San Mateo County and Cal Fire officials shared updates and resources on Wednesday with residents impacted by the CZU Lightning Complex, which is 84 percent contained.
About 77 participants gathered via Zoom, including County Manager Mike Callagy and Supervisor Don Horsley, who both praised Cal Fire, the county’s parks and volunteer organizations for their fire response.
Covering 86,509 acres in San Mateo and Santa Cruz counties, the CZU Lightning Complex is the largest fire in San Mateo County history. Though crews continue to build containment lines, progress is slow due to heavy, dense fire fuels and steep, rugged terrain.

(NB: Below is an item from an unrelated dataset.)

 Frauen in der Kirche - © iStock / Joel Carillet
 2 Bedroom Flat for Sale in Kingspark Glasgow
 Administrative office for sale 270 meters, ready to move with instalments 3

At its peak, 2,394 firefighters were working on the fire, a fraction of the 6,000- to 7,000-person crew that would have been working under normal conditions, according to Cal Fire Deputy Chief Jonathan Cox. Given the multiple wildfires across the state sparked by over 12,000 lightning strikes on Aug. 16, Cal Fire’s resources were strained.
Several communities in San Mateo and Santa Cruz counties remain under evacuation warnings and orders. A full evacuation zone map can be found online.
Representatives from the San Mateo County Resource Conservation District (RCD) also attended the discussion.
The RCD’s Executive Director Kellyx Nelson encouraged affected residents to reach out to them for confidential, free technical assistance to help manage natural resources after the fires. They also manage fuel reduction projects such as a chipping program.
People can visit the RCD’s website at or email Conservation Program Manager Sheena Sidhu at sheena@sanmateoRCD.org for assistance.
Other fire recovery and preparedness resources include: The Fire Safe San Mateo County website at https://firesafesanmateo.org/ and the South Skyline Fire Safe Council at http://www.southskylinefiresafe.org/.
Residents who sustained losses can also apply for federal assistance with the Federal Emergency Management Agency (FEMA). The application is available at https://www.disasterassistance.gov/ or by calling 800-621-3362 or 800-462-7585. The deadline to apply for $500 in critical needs assistance is Sept. 12.
Though the local assistance center at Pescadero Elementary closed permanently on Wednesday night, residents can continue to access services at https://www.smcgov.org/smc-wildfire-recovery.
Cox, the Cal Fire deputy chief, also encouraged residents to harden their home with non-ignitable materials and to create a defensible space around their property, two scientifically proven ways to protect property from wildfires.